Use the retail time series from Exercise 8 in Section 2.10 to answer the following questions.
Create a training dataset consisting of observations before 2011 using
set.seed(23987)
myseries <- aus_retail %>%
filter(`Series ID` == sample(aus_retail$`Series ID`,1))
myseries_train <- myseries |>
filter(year(Month) < 2011)
Check that your data have been split appropriately by producing the following plot.
autoplot(myseries, Turnover) +
autolayer(myseries_train, Turnover, colour = "red")
Fit a seasonal naïve model using SNAIVE() applied to
your training data (myseries_train).
fit <- myseries_train %>%
model(SNAIVE(Turnover))
Check the residuals.
fit %>%
gg_tsresiduals()
## Warning: Removed 12 rows containing missing values (`geom_line()`).
## Warning: Removed 12 rows containing missing values (`geom_point()`).
## Warning: Removed 12 rows containing non-finite values (`stat_bin()`).
Unfortunately, the innovation residuals plot is showing us heteroscedasticity. The variance is changing with respect to x. We also have significant autocorrelation when we look at the acf plot up until lag 20. We also have a bit of right skew in this histogram plot, so predictions intervals computer assuming a normal distribution may be inaccurate.
Produce forecasts for the test data
fc <- fit %>%
forecast(new_data = anti_join(myseries, myseries_train))
## Joining, by = c("State", "Industry", "Series ID", "Month", "Turnover")
fc %>% autoplot(myseries)
Compare the accuracy of your forecasts against the actual values.
fit %>% accuracy()
## # A tibble: 1 × 12
## State Indus…¹ .model .type ME RMSE MAE MPE MAPE MASE RMSSE ACF1
## <chr> <chr> <chr> <chr> <dbl> <dbl> <dbl> <dbl> <dbl> <dbl> <dbl> <dbl>
## 1 Western … Other … SNAIV… Trai… 8.18 14.4 10.9 6.05 8.11 1 1 0.725
## # … with abbreviated variable name ¹Industry
fc %>% accuracy(myseries)
## # A tibble: 1 × 12
## .model State Indus…¹ .type ME RMSE MAE MPE MAPE MASE RMSSE ACF1
## <chr> <chr> <chr> <chr> <dbl> <dbl> <dbl> <dbl> <dbl> <dbl> <dbl> <dbl>
## 1 SNAIVE(Tu… West… Other … Test 78.7 87.4 78.9 21.6 21.7 7.27 6.06 0.591
## # … with abbreviated variable name ¹Industry
It does not really seem that accurate and we can base this on the plot on Question 5.7e.
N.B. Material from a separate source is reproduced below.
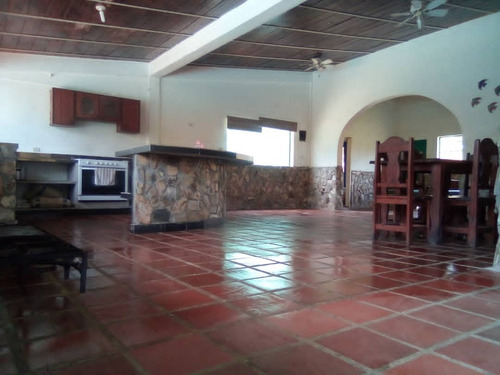 Imagen 6 de 15 de Casa Amplia En Venta En Rio Chico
We see that the original data continues its upward trend while forecasts stagnate.
How sensitive are the accuracy measures to the amount of training data used?
I think that if we use a model that has a large amount of training data (95%) and just a small amount of testing data (5%), than generally speaking, the model might have enough information to create a forecast that is close to the testing data (have very low forecast error). Conversely, if we have a small amount of training data (5%) and a large amount of testing data (95%), forecast errors will probably be significant. So I think that the amount of training data used does play a role in how accuracy scores for a model.
Now I am going to take a wild guess and assume that if we were to iterate through different size sets of training and testing data, and compute a metric (i.e. RMSSE or MASE) for each of these iterations, and plot them, we would probably have some sort of asymptotic plot which shows us that metric reaching some sort of asymptotic value as we increase the size training set and decrease the size of the test set.